Our gender identity is not determined by our assigned sex. While the common assumption is that our assigned sex and our gender identity are the same (male = boy/man, female = girl/woman), sex and gender are two distinct categories. Sex is the body or container, while gender is the content or matter that fills the container.
A person whose lived experiences do not match their assigned sex assigned is known as a transgender person or gender diverse person.
A person whose assigned sex is male and identifies as a woman is a transgender woman or transwoman. A person whose assigned sex is female and identifies as a man is a transgender man or transman.
A person whose gender identity matches his or her assigned sex is considered cisgendered, while a person who relates to neither, all or a combination of genders is known as gender fluid, gender queer or other categories.
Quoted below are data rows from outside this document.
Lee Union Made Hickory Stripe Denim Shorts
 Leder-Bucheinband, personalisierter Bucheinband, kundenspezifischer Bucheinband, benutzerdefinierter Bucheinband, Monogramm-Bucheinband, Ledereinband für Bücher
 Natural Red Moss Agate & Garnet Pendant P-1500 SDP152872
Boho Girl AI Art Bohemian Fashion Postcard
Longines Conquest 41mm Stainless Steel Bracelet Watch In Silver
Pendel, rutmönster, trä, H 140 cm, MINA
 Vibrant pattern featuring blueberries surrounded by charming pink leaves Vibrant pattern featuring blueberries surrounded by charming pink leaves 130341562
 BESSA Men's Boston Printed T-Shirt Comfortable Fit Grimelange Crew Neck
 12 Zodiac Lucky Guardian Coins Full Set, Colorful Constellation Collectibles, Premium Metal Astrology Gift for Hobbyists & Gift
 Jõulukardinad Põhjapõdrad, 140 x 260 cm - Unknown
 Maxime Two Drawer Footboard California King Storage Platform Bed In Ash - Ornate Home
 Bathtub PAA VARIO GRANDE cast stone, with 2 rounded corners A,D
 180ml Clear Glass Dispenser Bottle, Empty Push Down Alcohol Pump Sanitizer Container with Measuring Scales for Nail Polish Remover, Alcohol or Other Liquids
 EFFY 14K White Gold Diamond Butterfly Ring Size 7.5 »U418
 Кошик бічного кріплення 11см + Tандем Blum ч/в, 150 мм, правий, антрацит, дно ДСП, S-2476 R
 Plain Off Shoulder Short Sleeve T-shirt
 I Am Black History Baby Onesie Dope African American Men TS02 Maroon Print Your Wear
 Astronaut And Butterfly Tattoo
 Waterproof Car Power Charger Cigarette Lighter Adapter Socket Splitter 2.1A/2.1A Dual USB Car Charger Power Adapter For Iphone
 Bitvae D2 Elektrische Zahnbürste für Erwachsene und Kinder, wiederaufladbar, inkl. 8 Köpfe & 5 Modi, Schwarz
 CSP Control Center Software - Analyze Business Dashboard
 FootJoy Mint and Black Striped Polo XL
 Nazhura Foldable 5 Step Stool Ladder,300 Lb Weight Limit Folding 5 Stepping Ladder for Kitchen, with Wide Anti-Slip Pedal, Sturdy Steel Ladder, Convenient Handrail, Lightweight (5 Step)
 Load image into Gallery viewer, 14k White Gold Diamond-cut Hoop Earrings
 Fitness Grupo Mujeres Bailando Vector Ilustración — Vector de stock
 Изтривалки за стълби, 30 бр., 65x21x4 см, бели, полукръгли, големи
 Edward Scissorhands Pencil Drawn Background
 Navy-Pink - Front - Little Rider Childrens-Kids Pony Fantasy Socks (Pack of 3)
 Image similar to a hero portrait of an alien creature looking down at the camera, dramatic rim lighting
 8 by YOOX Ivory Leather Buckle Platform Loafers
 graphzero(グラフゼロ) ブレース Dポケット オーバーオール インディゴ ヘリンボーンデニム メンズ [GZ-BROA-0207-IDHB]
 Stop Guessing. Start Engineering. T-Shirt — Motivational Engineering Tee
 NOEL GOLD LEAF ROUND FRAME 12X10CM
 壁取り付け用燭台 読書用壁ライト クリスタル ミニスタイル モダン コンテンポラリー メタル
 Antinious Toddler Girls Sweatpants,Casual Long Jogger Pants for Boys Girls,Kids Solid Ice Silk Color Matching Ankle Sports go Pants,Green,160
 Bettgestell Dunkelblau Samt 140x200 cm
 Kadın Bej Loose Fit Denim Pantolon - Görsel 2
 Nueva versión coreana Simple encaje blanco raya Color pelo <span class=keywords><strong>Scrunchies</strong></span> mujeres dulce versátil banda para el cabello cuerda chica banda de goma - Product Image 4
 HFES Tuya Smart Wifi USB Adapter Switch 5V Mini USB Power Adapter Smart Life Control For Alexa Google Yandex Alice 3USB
4. Gender expression refers to how an individual expresses his or her sense of self.
Our gender expression is influenced by our assigned sex, our sexual orientation, and/or gender identity, and it may or may not reflect a society’s expectations. So if sex is the “container” and gender is the “content”, gender expression is the container’s decorations.
5. Sexual orientation refers to romantic and/or sexual attraction to men, women, both, or neither.
A person can be attracted to people of the opposite gender (“heterosexual”), to people of the same gender (“homosexual”, “gay” for male-to-male, or “lesbian” for female-to-female), or to both genders (“bisexual”). One can also be “asexual” (no sexual attraction to anyone) or “pansexual” (sexual or romantic attraction is not limited to any particular sex or gender identity).
By the time you are washing dishes, your grandmother would either be too stunned to react or too confused she is asking more questions. That’s alright. Expect this to be a continuing conversation. Use your personal experiences (and your grandmother’s personal experiences) to explain SOGIE. The point is, keep calm and educate.